To make it crystal clear:
Health and Safety Executive Guidance on; Personal Protective Equipment at Work Regulations 1992
It is somewhat shocking that so many organisations are knowingly not completing risk assessments when putting their staff in environments where the risks of injury or harm are considerable.
Furthermore, not only is it right that appropriate PPE is supplied for those facing such residual risks, where de-escalation may have failed, where avoidance is not appropriate or where all other control measures that have been put in place (i.e. eliminated, substituted, engineered out or administrated for) but a residual risk remains… it’s about having the appropriate and suitable level of PPE:
Suitability of PPE
As an example, when it comes to Body Armour here in the UK, what do you think is realistically the most common threat?
A punch? A kick?
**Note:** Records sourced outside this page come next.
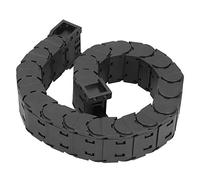 Carrier de fil de chaîne de traînée Total fermé la chaîne de remorquage à faible bruit Ensemble détachable 0,7 mètre en nylon PA66 pour la machine de gravure (D20 * 57)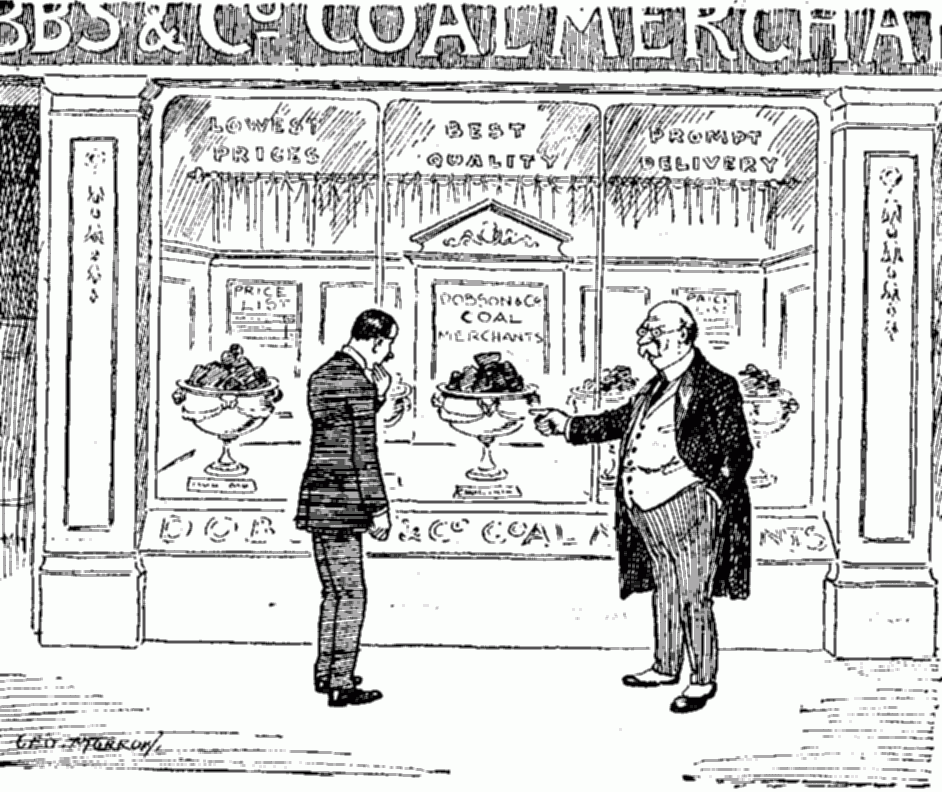 THE ART OF WINDOW-DRESSING.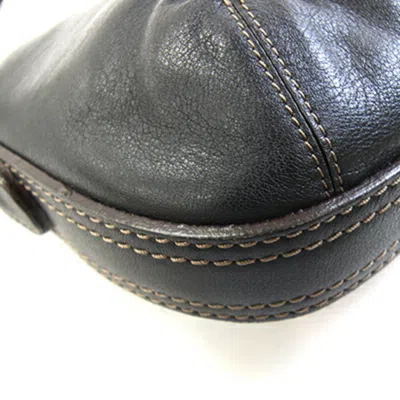 Pre-owned Loewe Black Leather Shoulder Bag ()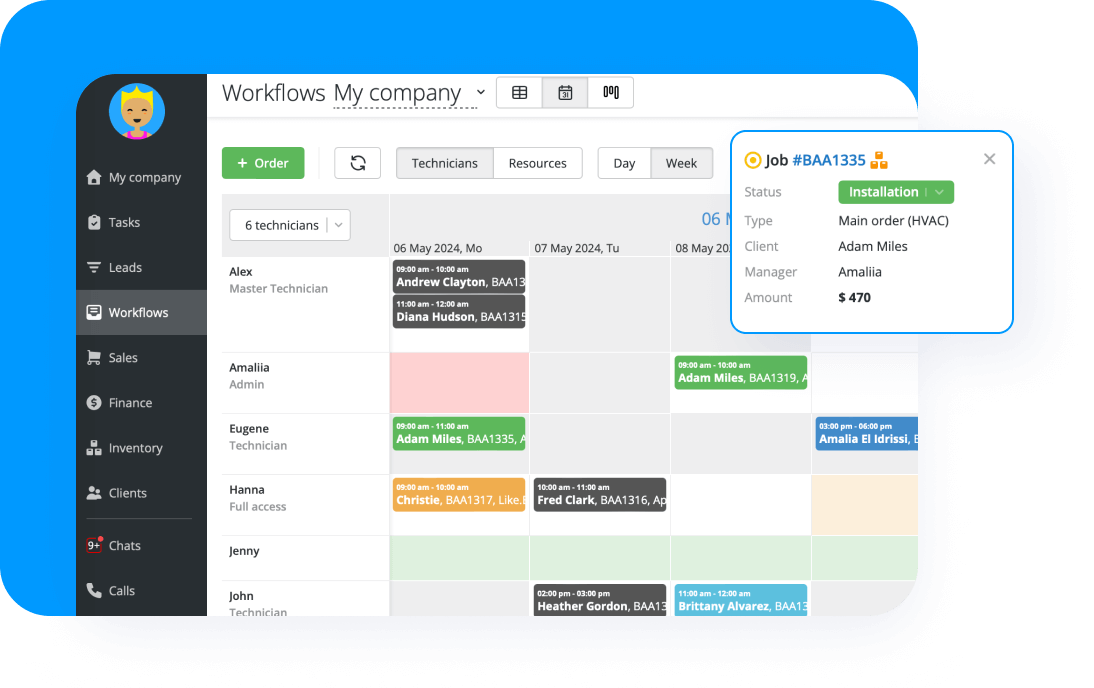 The Work Order Scheduler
A shove? Strike from blunt objects? Or the dreaded stabbing?
From my years dealing (and working) with these front-line professionals I can categorically tell you that the daily or most common threat is against the ‘blunt force trauma’ related assaults.
European Rules & Regulations
As far as our European neighbours are concerned, the obligation to wear appropriate PPE within all EU member states is no different in context to the UK’s obligation to protect its own workforce.
The European Framework Directive on Safety and Health at Work (Directive 89/391 EEC), adopted in 1989, which then had to be transposed into national law by the end of 1992, was a substantial milestone in improving safety and health at work.
This directive guarantees minimum safety and health requirements throughout Europe whilst permitting Member States to maintain or establish more stringent measures. This directive, inevitably, has – since its implementation, had considerable legal consequences due to inadequate national legislation while in others no major adjustments were necessary.
Further to this directive, in 2004, the European Commission issued a communication on the practical implementation of the provisions of same of the directives, specifically in terms of the necessity for suitable, appropriate PPE (body armour), along with the legal requirement for organisations to conduct risk assessments.
The ‘long and short of all of this’ is that, within Europe, there is no escaping the legal duty of care that we have to our employees, in providing appropriate levels of protection. Yes, member states will take this legislative act and devise their own laws around it but they must achieve these goals and will therefore have a legal framework to prosecute, within that country for such a breach in that duty of care.
The same applies for Risk Assessments. An employer must conduct a risk assessment in order to determine the threat, implement mitigation measures and establish and protect against the residual risk; as a security officer, body armour is often the only solution to mitigate the residual risk.